The other glycosyltransferase gene LusCSLG (Lus10023057), which is up-regulated in fibres, belongs to the GT2 family. The described CSLs synthesize polymeric chains made of β-(1→4)-linked monosaccharides: enzymes encoded by genes from CSLA clade were shown to synthesize β-(1→4)-mannans or glucomannans (Dhugga et al. 2004; Liepman et al. 2005) and CSLC—the backbone of xyloglucan made of β-(1→4)-glucose (Cocuron et al. 2007). CSLF, CSLH and probably CSLJ clades are involved in the formation of mixed-linkage glucan, which also contains β-(1→4)-glucose residues (Burton et al. 2006; Schwerdt et al. 2015). The functions of glycosyltransferases belonging to other CSL clades are not known. Putting together the high enrichment of flax fibre RG-I with long side-chains of β-(1→4)-galactans (Gorshkova et al. 1996; Mikshina et al. 2012) and the fibre- and stage-specific up-regulation of flax CSLG gene expression, it is reasonable to assume that the corresponding glycosyltransferase synthesizes β-(1→4)-galactans.

Previously, GALACTAN SYNTHASE 1 (GALS1) of GT92 was identified as a β-1,4-galactan: β-1,4-GalT in Arabidopsis (Liwanag et al. 2012). Such enzymes can also be involved in the addition of β-(1→4)-Gal side-chains to the RG-I backbone. Up-regulation of the GT92 gene was demonstrated during tension wood formation (Mizrachi et al. 2015). In our experiments, transcripts of five genes encoding enzymes of the GT92 family were detected: Lus10032118, Lus10014568, Lus10038387, Lus10024731 and Lus10008076 (Table S2). Among them, Lus10038387 showed the most evident pattern for specific transcript enrichment in the FIB sample.

RG-I deposited during G-layer formation is known to undergo substantial post-synthetic modification with the involvement of tissue-specific β-galactosidase (Roach et al. 2011; Mokshina et al. 2012; Gorshkova et al. 2015).
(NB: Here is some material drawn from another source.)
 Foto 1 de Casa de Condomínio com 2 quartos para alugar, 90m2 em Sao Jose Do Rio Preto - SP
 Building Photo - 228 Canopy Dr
Enrichment in transcripts encoding this enzyme was also revealed in fibres in our experiments (Table 1). Among the differentially expressed genes, increased transcript content for rhamnogalacturonate lyase family proteins (Lus10004281, Lus10019231) was also demonstrated. Rhamnogalacturonan lyase (RGL) specifically recognizes and cleaves α-(1→4)-glycosidic bonds between L-rhamnose and D-galacturonic acids in the backbone of RG-I (McDonough et al. 2004). Aspen tension wood (Andersson-Gunnerås et al. 2006) and fibre-enriched peels of flax stem appear to have increased levels of RGL transcripts (Roach and Deyholos 2007; Hobson et al. 2010). However, the presence of lyase activity in the plant cell wall is a debatable topic (Fry 2004). Most likely, enzymes annotated as RGLs do not act as lyases but rather modify RG-I in another way, such as binding to it and acting as an accessory protein for RG-I homo- or heterological interactions with cell wall polymers.

Concluding remarks

The RNA-Seq analysis of the flax phloem fibre whole transcriptome portrays plant cell at advanced stage of specialization and provides a solid basis for the in-depth analysis of fibre-specific processes and elucidation of the role of important players. In the case of cellulosic fibres, emphasis should be given, according to the results of RNA-Seq, to ion transporters, transcription factors, glycosyltransferases and accessory proteins involved in the formation of tertiary cell wall.